> _Exercise description_
Your output should repeat the entries below exactly. It should contain no images.

■ ■ ■ ■ ■ ■ ■

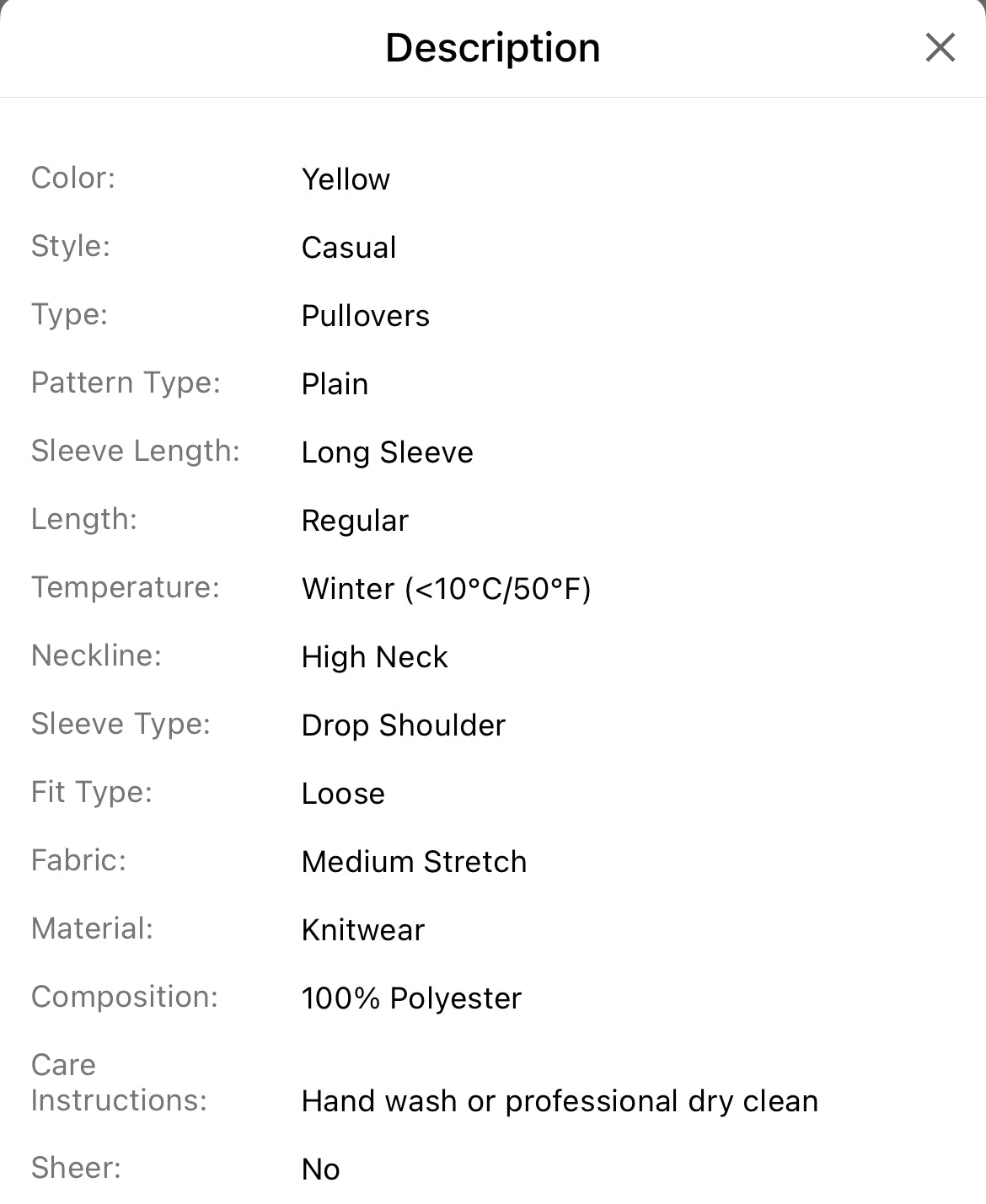 Mustard Yellow Turtleneck Drop Shoulder Sweater (S4)(M2)(L2)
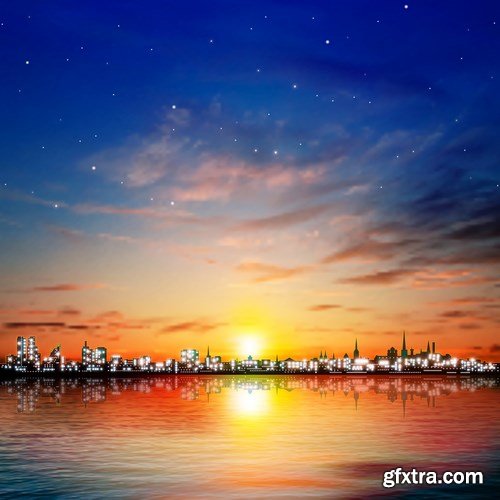 Background With Panorama City - 30xEPS Professional Vector Stock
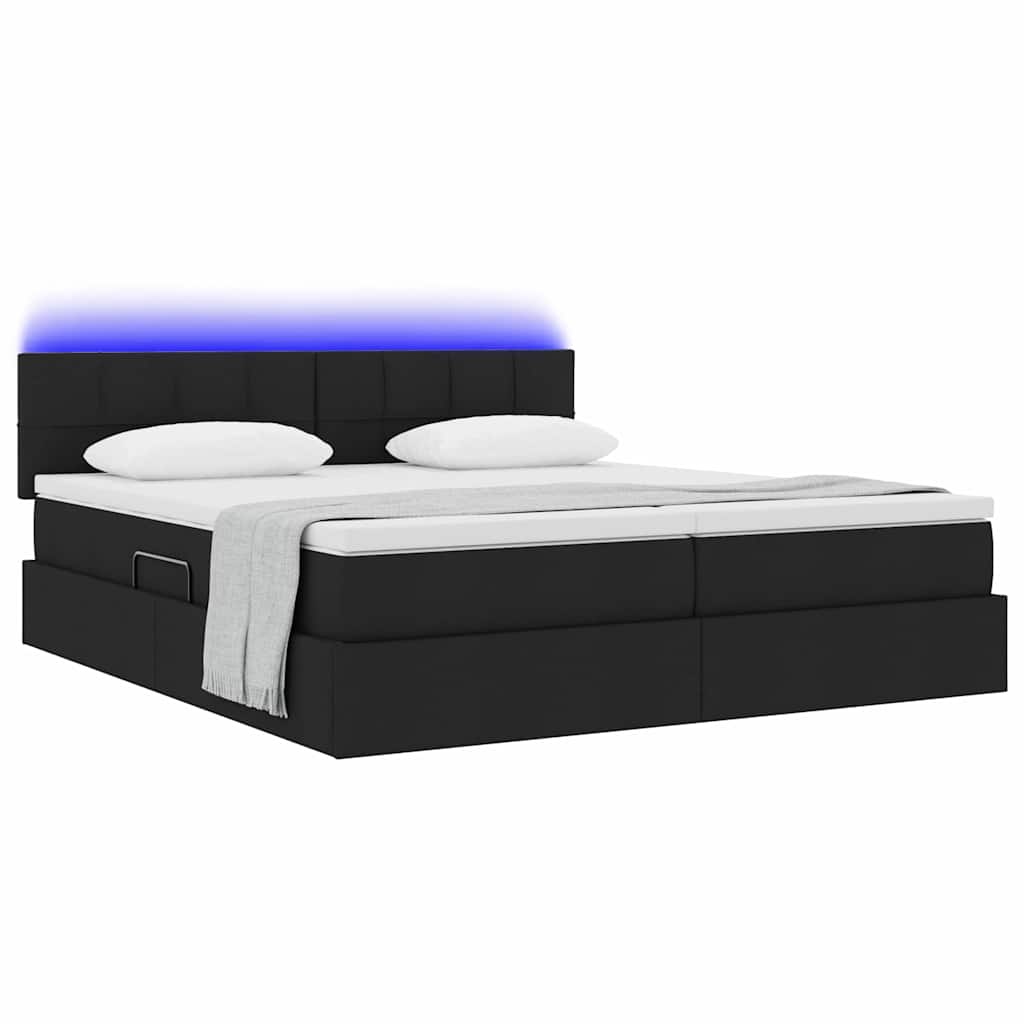 LED opbevarings seng med madras Sort 200 x 200 cm Stof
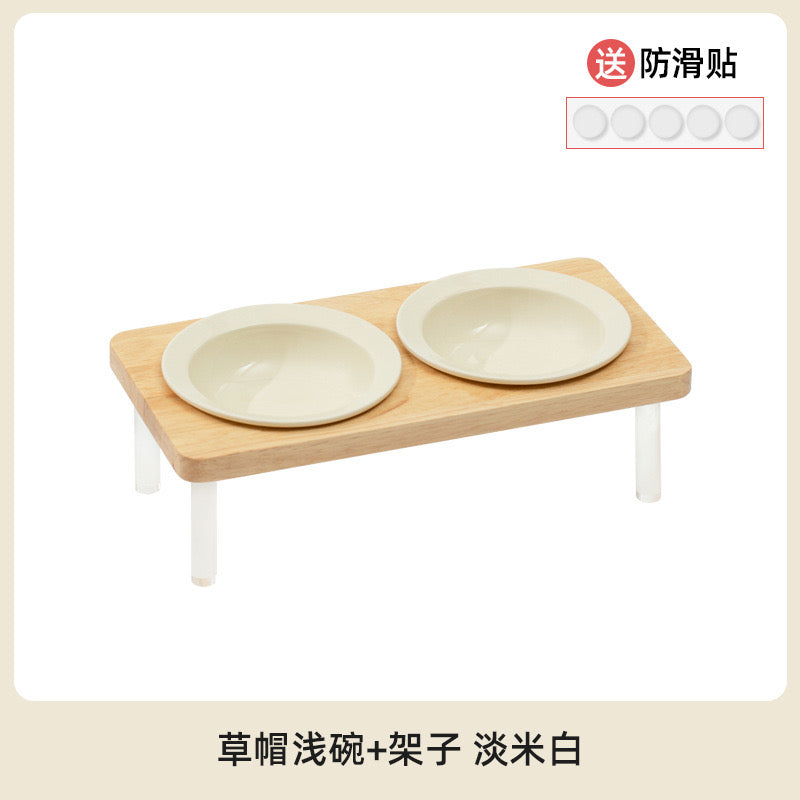 Hat-Shaped Bowl Set With Wooden Base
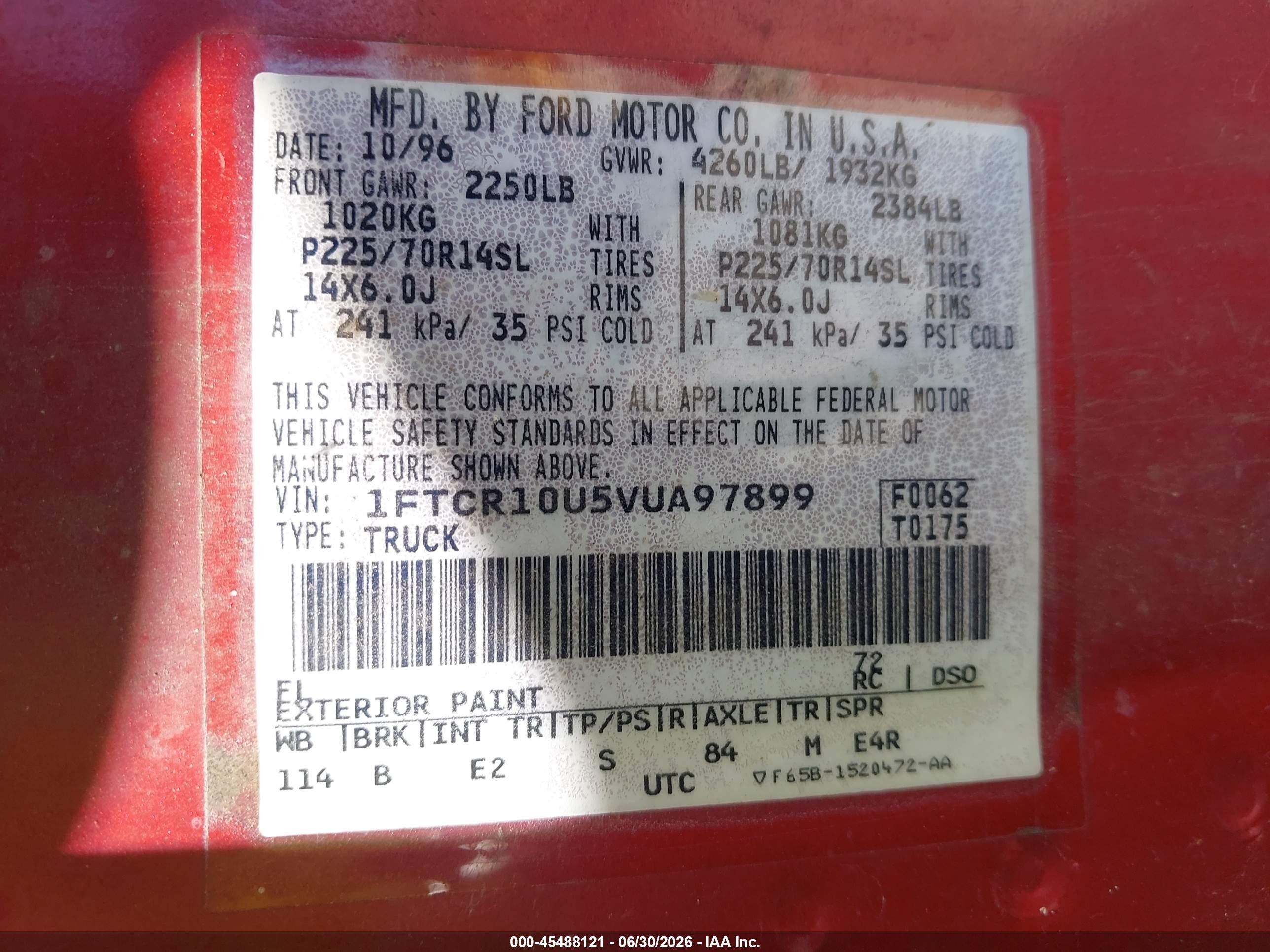 1997 Ford Ranger Splash/xlt Red vin: 1FTCR10U5VUA97899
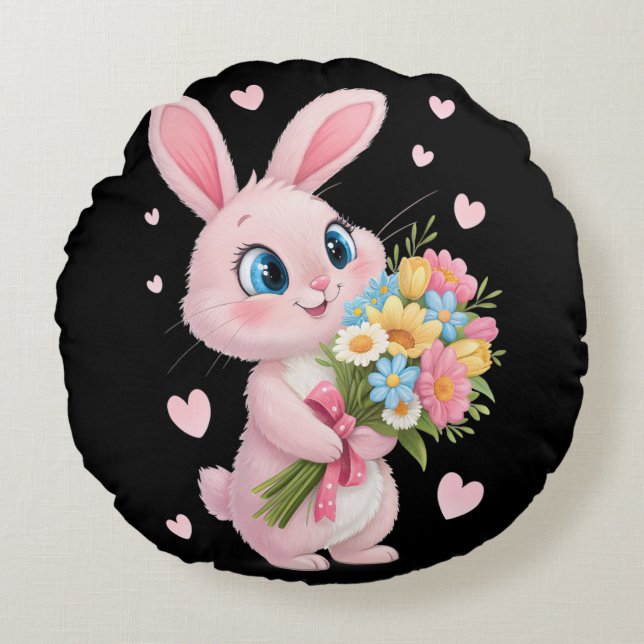 Coussins Ronds "Floral Bunny Joy - adorable décoration (Devant)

■ ■ ■ ■ ■ ■ ■

> _Result of the task_
 Mustard Yellow Turtleneck Drop Shoulder Sweater (S4)(M2)(L2)
 Background With Panorama City - 30xEPS Professional Vector Stock
 LED opbevarings seng med madras Sort 200 x 200 cm Stof
 Hat-Shaped Bowl Set With Wooden Base
 1997 Ford Ranger Splash/xlt Red vin: 1FTCR10U5VUA97899
 Coussins Ronds "Floral Bunny Joy - adorable décoration (Devant)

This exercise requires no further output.